Catching up on my RSS feeds is no small task (as I'm sure is the case for most of you serious bloggers out there). But it is necessary to keep up-to-date with all the reading, writing, learning, and arithmetic, especially when you are bootstrappin'. Seth Godin writes in his manifesto that bootstrappers are "in it for the long haul" and I agree with him that "building businesses that will last separates me from the opportunist, and is an investment in my brand and in my future. Surviving is succeeding, and each day that goes by makes it easier still for me to reach my goals."

Then, I weed out the little bit about my Brand. Out of all the two-cents the knowledgeable experts have offered up on the subject, I refer again to Seth's take on it: "the reality is that many many brands are actually monologues, not dialogues. That doesn't mean a conversation won't create a better, more robust, more useful brand. But, alas, most organizations can't handle that truth. So they do their best to do it the old way."

Furthermore, "If we define brand as a shortcut for a set of commercial attributes, emotions, stories, whatever, then any blogger with a following has a brand.
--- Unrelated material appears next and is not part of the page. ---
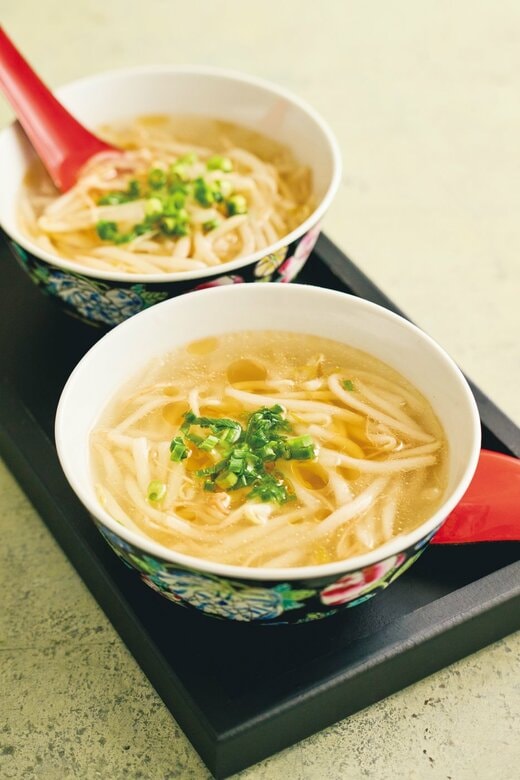 お椀に盛られた「モヤシのとろとろ中華スープ」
3. There's a difference between brands and branding. Brands exist whether you want them to or not. Brands aren't going to go away any time soon. Brands are a useful shorthand for a complicated asset within an organization. Branding, on the other hand, is a thing you do. And as an activity, branding is problematic. Branding is ill-defined, usually vacuous, often expensive and totally unpredictable. I'm happy to say that you shouldn't grow up to be someone who does branding."

I think it is all fine and dandy for it to be said that marketing, advertising, and, now, branding is dead... but who's telling corporations, SMEs and mom&pop shops out there? The already dead art of branding is still being peddled quite unashamedly in not-so-forefront-of-technology-as-Silicon Valley CBDs like Sydney and Melbourne. For example, I am working alongside an agency at the moment and the first meeting with my client was primarily to explain to him the difference between brand, branding, and how best to position his business from here-on-in. He has an MBA (finished his course back in the early 90s) and majored in Marketing. He also claimed to know his stuff. And, yet, it became immediately obvious that there was disconnect and areas of miscommunication when it came to nutting out an acceptable campaign. My client's expectations on what branding meant was not quite what the agency was used to peddling. I found myself acting as the intermediary or translator, if you will, doing my darnedest to represent my client's best interests whilst knowing at the back of my mind that I talk the agency's language and can respect that their methods were beneficial in the medium-to-long-term.

Which brings me to the subject of blogging... my partner told me yesterday that what he was most happy doing was writing books and being in a band. I replied, I'm a writer and I prefer to blog. Why? My work is ever-evolving and immediately responsive that way. If it is true that one can make or break one's own brand via blogging, then I like knowing I am being kept honest and on my toes that way.